Associated with the calculation of the correlation coefficient is a probability value. This value determines the probability of finding a correlation at least as strong as the one found in an analysis purely by random chance, assuming no real relationship exists. In the analysis of surface minimum atmospheric pressure and surface maximum wind speed measurements for 312 tropical storms and hurricanes, the probabability value was found to be less than (<) 0.0001 or 1 in 10,000 (P < 0.0001 in Figure 3). Probabability values are provided for the various linear regression analyses found on this website.

Figure 1 Presents a histogram plot of the observed daily maximum temperatures in degrees Celsius for the month of September from 1951 to 2025. The observations have been grouped into 1°C intervals. The graph includes the mean and the 5% and 95% probability thresholds. The 5% threshold indicates that 5% of the observations in the dataset fall below this value, while the 95% threshold indicates that 95% of the observations fall below this value. Notably, 90% of the observations fall between these two thresholds or 328.5 days in a typical year of 365 days (365 x 0.90). Observations that fall outside these two thresholds are usually consider rare or extreme.
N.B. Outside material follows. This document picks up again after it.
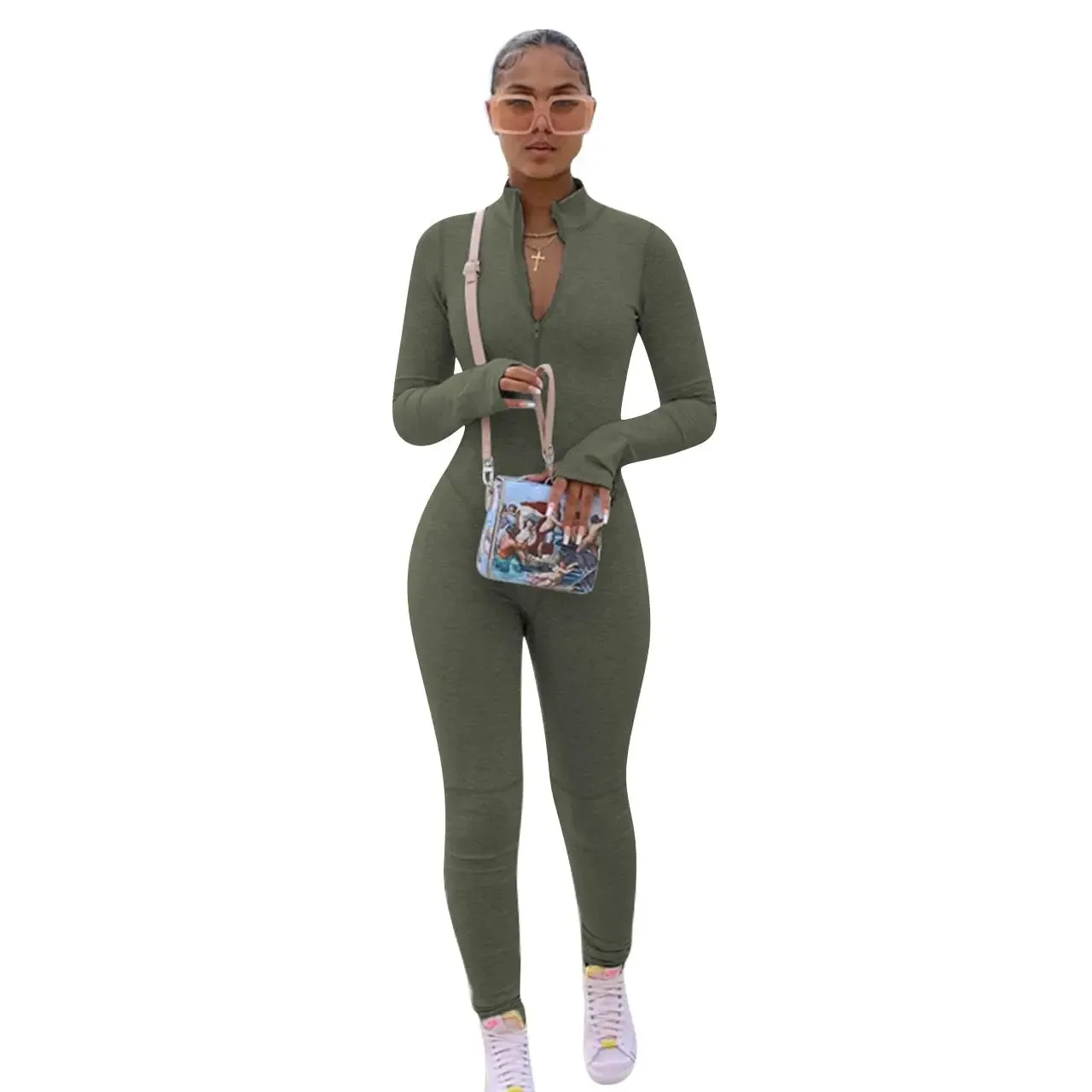 Zipper Long Sleeve Jumpsuit overalls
There should be 18.25 days below the 5% probability and 18.25 days above the 95% probability in a year of 365 days.

Figure 2 Yearly observations of winter mean temperatures (°C) from 1901 to 2025 at Cypress Mountain Ski Resort (elevation 1124 m) as derived from the climate database ClimateBC. The orange line is the best-fit linear regression line and the green dash lines show the 5% and 95% prediction thresholds.

Figure 3 Regression best-fit line plotted on a scatterplot of surface minimum atmospheric pressure (X-variable) and surface maximum wind speed (Y-variable) measurements for 312 tropical storms and hurricanes. Also shown is the correlation coefficient (r = -0.9649) and its associated statistical significance or probability value (P < 0.0001).

Figure 4 Four examples of data point distributions with varying positive correlation coefficient values. A best-fit regression line through the center of the data points is also shown.

Figure 5 Four examples of data point distributions with varying negative correlation coefficient values. A best-fit regression line through the center of the data points is also shown.